▶ THE RECORDS:
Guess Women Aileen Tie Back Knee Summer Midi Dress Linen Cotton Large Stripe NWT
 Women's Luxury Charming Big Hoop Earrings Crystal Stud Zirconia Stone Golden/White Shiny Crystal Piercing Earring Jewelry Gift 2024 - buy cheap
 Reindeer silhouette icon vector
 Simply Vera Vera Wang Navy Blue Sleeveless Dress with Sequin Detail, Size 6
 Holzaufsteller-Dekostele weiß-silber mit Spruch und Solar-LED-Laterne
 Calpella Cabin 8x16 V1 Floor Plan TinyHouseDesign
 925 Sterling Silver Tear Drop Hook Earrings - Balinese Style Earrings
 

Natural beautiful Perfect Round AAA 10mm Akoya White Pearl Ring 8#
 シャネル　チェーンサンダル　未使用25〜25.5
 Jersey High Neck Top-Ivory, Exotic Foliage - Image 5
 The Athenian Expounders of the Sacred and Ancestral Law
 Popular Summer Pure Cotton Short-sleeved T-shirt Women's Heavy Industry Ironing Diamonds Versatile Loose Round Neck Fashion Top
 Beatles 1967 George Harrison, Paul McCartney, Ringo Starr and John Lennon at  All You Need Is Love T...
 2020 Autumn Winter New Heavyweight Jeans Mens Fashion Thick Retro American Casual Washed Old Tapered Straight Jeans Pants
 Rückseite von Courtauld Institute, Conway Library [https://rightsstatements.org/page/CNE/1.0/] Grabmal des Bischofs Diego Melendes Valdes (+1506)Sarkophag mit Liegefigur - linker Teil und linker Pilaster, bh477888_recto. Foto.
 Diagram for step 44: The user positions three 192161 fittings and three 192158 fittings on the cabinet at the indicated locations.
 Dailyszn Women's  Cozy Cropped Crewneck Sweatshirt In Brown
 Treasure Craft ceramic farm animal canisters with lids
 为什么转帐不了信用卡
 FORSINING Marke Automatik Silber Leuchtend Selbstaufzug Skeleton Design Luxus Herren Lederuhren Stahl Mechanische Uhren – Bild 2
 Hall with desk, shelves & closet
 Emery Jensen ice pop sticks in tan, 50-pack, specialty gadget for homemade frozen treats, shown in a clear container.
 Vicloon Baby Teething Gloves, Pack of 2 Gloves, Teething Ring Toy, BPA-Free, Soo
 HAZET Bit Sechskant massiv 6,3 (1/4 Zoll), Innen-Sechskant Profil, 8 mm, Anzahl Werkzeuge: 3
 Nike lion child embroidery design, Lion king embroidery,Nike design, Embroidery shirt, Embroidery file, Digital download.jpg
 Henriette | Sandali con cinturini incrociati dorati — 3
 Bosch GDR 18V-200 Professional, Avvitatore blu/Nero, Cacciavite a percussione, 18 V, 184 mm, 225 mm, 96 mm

▶ WHAT THE TASK ASKS:
Pull every line containing the word "with" out of the material.

▶ RESULT:
 Simply Vera Vera Wang Navy Blue Sleeveless Dress with Sequin Detail, Size 6
 Treasure Craft ceramic farm animal canisters with lids
 Hall with desk, shelves & closet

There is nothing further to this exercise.